→ YOUR TASK:
In the entries that follow, find the line containing "Four people holding"; from there, copy every line exactly through the line containing "身穿白色制服的女医生拿着红心，对着镜头微笑。医疗保健和心脏病学概念。图片下载".

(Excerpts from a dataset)
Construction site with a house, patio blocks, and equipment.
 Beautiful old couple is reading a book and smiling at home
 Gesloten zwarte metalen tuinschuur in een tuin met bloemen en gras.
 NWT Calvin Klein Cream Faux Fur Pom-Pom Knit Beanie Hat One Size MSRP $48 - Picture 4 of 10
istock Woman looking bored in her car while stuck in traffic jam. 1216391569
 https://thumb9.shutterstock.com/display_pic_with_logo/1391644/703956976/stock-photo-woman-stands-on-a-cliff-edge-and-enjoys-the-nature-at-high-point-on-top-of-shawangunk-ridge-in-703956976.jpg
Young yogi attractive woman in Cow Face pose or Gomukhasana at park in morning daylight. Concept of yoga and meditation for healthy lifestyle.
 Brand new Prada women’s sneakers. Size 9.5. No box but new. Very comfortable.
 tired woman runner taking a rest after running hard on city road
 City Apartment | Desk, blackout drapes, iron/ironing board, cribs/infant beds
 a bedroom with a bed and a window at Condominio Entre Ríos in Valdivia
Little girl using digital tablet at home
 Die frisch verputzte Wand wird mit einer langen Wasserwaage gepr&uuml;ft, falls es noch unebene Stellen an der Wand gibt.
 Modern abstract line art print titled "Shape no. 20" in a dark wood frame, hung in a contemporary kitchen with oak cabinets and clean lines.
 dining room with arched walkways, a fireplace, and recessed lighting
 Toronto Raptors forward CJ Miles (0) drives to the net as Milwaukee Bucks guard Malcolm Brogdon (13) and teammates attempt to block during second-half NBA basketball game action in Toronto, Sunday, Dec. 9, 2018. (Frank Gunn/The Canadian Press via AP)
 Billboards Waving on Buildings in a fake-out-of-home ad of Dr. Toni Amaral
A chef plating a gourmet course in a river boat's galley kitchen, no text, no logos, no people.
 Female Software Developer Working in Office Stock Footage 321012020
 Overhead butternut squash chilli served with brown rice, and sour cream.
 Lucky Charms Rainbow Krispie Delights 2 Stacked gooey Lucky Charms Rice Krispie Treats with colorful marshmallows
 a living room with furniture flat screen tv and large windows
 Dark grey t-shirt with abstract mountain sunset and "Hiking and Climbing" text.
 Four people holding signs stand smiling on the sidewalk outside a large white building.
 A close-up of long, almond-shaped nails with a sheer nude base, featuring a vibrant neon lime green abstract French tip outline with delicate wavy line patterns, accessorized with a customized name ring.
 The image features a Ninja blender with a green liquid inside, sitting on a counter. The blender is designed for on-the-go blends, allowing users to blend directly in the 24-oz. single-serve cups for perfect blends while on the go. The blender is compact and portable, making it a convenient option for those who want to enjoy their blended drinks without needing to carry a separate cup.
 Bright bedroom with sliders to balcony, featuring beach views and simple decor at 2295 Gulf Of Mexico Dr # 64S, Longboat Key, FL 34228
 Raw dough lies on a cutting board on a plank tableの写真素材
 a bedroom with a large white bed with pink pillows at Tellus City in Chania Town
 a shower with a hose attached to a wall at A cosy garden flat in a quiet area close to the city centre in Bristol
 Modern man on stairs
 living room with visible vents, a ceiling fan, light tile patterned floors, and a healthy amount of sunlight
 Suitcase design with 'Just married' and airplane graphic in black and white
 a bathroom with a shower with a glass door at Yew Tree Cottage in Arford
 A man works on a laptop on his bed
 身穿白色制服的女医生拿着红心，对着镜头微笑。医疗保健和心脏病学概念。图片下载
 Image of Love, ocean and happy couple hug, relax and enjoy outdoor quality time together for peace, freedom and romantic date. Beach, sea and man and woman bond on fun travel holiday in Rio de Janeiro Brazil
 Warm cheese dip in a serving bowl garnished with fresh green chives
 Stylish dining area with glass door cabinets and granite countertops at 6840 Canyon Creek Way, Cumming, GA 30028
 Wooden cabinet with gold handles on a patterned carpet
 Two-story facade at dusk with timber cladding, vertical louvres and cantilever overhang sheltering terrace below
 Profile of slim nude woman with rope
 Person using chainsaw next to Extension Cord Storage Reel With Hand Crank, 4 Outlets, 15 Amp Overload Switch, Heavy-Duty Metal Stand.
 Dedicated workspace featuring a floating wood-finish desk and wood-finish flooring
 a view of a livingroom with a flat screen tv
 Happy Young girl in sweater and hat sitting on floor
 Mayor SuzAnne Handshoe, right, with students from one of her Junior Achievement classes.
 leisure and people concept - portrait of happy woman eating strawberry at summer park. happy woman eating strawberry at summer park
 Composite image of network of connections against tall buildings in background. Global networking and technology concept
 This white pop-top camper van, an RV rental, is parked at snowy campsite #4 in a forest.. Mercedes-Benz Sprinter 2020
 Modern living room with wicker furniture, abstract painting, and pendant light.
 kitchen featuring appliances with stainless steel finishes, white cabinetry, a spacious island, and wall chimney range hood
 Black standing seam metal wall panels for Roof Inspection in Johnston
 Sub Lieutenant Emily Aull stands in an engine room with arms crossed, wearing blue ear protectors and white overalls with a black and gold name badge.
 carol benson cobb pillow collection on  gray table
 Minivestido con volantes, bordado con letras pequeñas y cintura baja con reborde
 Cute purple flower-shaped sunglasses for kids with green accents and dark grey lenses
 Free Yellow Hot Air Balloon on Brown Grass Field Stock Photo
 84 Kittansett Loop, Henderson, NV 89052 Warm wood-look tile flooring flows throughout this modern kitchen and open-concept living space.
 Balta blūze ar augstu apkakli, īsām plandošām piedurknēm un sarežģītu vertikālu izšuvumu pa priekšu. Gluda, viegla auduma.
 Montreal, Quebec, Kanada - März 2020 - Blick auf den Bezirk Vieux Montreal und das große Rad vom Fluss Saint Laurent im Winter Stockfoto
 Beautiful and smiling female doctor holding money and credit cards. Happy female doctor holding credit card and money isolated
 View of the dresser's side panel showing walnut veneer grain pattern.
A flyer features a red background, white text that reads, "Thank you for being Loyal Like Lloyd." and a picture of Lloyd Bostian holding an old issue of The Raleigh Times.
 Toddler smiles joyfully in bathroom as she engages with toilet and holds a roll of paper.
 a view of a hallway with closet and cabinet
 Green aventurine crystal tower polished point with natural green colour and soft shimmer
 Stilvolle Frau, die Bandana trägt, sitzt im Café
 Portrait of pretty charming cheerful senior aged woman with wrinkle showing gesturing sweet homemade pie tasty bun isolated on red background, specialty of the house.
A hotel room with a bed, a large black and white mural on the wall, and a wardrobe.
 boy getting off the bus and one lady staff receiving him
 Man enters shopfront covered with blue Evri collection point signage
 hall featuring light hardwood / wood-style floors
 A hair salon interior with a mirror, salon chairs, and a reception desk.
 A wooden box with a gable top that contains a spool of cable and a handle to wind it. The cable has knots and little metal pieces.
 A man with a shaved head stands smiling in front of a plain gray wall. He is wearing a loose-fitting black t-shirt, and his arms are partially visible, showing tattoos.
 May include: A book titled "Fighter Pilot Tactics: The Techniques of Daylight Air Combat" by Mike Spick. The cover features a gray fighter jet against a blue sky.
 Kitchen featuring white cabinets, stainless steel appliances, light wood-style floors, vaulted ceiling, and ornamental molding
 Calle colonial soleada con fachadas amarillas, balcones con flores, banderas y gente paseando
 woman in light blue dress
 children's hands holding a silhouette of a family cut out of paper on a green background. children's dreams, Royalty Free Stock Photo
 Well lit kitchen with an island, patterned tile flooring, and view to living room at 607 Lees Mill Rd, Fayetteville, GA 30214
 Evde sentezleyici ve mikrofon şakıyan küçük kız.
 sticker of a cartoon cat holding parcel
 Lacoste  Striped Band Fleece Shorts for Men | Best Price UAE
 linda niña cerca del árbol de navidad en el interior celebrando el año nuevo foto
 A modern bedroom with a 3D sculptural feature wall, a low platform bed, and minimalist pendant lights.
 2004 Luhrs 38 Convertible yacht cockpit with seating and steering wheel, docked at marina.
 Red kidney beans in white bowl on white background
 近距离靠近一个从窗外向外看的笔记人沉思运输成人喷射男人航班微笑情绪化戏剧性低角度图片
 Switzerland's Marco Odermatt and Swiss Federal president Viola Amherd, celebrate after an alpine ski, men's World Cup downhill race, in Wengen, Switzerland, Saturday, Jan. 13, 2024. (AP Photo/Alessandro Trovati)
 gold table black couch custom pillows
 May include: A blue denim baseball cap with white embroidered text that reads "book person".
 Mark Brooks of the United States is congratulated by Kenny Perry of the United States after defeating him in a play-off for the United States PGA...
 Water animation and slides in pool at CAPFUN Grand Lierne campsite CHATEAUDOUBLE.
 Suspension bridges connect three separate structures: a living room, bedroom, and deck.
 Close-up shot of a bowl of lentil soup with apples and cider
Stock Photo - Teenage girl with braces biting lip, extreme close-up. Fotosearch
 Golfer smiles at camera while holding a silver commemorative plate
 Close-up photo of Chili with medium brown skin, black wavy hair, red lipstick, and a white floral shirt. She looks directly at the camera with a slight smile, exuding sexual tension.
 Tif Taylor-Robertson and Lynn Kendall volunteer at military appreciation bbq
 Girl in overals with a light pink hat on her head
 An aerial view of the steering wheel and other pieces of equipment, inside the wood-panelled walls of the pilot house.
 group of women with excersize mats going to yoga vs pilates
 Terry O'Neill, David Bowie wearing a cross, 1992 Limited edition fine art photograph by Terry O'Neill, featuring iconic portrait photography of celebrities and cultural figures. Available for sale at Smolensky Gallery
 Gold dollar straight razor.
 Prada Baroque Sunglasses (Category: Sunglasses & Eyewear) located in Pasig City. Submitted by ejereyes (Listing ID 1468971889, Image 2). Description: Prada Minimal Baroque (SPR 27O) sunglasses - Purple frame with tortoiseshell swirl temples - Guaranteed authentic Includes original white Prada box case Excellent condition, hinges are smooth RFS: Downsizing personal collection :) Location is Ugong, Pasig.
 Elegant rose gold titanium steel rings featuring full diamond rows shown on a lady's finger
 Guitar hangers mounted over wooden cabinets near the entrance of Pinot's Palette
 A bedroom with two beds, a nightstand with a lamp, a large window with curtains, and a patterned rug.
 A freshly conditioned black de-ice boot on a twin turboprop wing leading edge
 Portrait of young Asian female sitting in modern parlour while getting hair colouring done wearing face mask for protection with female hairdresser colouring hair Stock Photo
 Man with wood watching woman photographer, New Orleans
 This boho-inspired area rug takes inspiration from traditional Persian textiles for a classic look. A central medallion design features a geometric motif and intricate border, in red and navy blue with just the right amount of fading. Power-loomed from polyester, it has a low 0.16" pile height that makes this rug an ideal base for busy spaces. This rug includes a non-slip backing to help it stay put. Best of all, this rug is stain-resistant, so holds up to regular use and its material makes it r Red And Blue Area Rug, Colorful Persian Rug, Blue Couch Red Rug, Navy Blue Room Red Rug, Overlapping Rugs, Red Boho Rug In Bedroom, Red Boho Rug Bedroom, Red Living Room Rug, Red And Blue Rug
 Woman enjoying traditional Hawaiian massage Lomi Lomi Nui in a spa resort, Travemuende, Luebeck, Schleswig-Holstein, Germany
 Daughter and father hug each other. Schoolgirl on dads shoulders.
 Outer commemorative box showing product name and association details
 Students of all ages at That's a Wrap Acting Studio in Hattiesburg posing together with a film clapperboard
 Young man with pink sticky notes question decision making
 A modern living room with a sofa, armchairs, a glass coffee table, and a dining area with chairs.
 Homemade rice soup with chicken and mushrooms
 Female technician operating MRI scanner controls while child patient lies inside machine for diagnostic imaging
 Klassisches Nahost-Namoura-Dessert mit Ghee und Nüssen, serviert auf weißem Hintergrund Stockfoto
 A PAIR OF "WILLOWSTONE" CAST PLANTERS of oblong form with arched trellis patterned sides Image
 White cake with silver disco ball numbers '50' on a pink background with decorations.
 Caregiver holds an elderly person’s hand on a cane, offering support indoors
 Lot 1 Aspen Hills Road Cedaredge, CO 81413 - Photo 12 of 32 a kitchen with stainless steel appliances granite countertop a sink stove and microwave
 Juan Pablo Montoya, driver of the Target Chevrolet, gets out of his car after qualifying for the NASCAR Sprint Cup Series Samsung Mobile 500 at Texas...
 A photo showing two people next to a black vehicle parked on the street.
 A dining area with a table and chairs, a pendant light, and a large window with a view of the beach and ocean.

→ RESULT OF THIS TASK:
 Four people holding signs stand smiling on the sidewalk outside a large white building.
 A close-up of long, almond-shaped nails with a sheer nude base, featuring a vibrant neon lime green abstract French tip outline with delicate wavy line patterns, accessorized with a customized name ring.
 The image features a Ninja blender with a green liquid inside, sitting on a counter. The blender is designed for on-the-go blends, allowing users to blend directly in the 24-oz. single-serve cups for perfect blends while on the go. The blender is compact and portable, making it a convenient option for those who want to enjoy their blended drinks without needing to carry a separate cup.
 Bright bedroom with sliders to balcony, featuring beach views and simple decor at 2295 Gulf Of Mexico Dr # 64S, Longboat Key, FL 34228
 Raw dough lies on a cutting board on a plank tableの写真素材
 a bedroom with a large white bed with pink pillows at Tellus City in Chania Town
 a shower with a hose attached to a wall at A cosy garden flat in a quiet area close to the city centre in Bristol
 Modern man on stairs
 living room with visible vents, a ceiling fan, light tile patterned floors, and a healthy amount of sunlight
 Suitcase design with 'Just married' and airplane graphic in black and white
 a bathroom with a shower with a glass door at Yew Tree Cottage in Arford
 A man works on a laptop on his bed
 身穿白色制服的女医生拿着红心，对着镜头微笑。医疗保健和心脏病学概念。图片下载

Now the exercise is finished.